B - Big Data: Large and complex datasets that cannot be easily processed using traditional data processing applications.
C - Clustering: A technique used to group similar data points together based on certain characteristics.
D - Data Cleaning: The process of identifying and correcting errors or inconsistencies in a dataset.
E - Exploratory Data Analysis (EDA): The process of analyzing and visualizing data to understand its underlying patterns and relationships.
F - Feature Engineering: The process of creating new features or variables from existing data to improve model performance.
G - Gradient Descent: An optimization algorithm used to minimize the error of a model by adjusting its parameters.
H - Hypothesis Testing: A statistical technique used to test the validity of a hypothesis or claim based on sample data.
I - Imputation: The process of filling in missing values in a dataset using statistical methods.
J - Joint Probability: The probability of two or more events occurring together.
K - K-Means Clustering: A popular clustering algorithm that partitions data into K clusters based on similarity.
L - Linear Regression: A statistical method used to model the relationship between a dependent variable and one or more independent variables.
M - Machine Learning: A subset of artificial intelligence that uses algorithms to learn patterns and make predictions from data.
N - Normal Distribution: A symmetrical bell-shaped distribution that is commonly used in statistical analysis.

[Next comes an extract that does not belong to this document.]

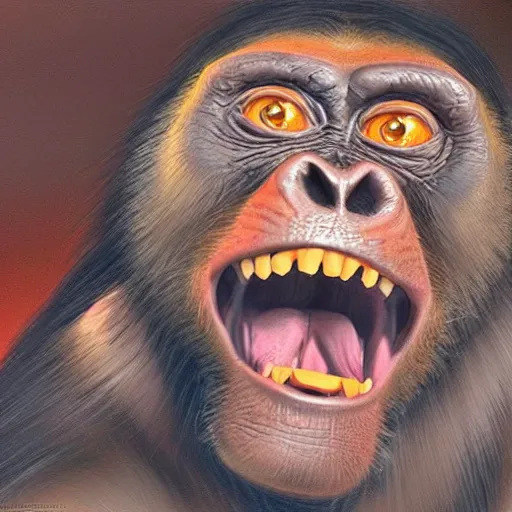 Image similar to Strong Angry Chimpanzee Screaming, Boris Vallejo, Epic, 8k resolution, ArtStation, Hyperrealistic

O - Outlier Detection: The process of identifying and removing data points that are significantly different from the rest of the dataset.
P - Precision and Recall: Evaluation metrics used to assess the performance of classification models.
Q - Quantitative Analysis: The process of analyzing numerical data to draw conclusions and make decisions.
R - Random Forest: An ensemble learning algorithm that builds multiple decision trees to improve prediction accuracy.
S - Support Vector Machine (SVM): A supervised learning algorithm used for classification and regression tasks.
T - Time Series Analysis: A statistical technique used to analyze and forecast time-dependent data.
U - Unsupervised Learning: A type of machine learning where the model learns patterns and relationships in data without labeled outputs.
V - Validation Set: A subset of data used to evaluate the performance of a model during training.
W - Web Scraping: The process of extracting data from websites for analysis and visualization.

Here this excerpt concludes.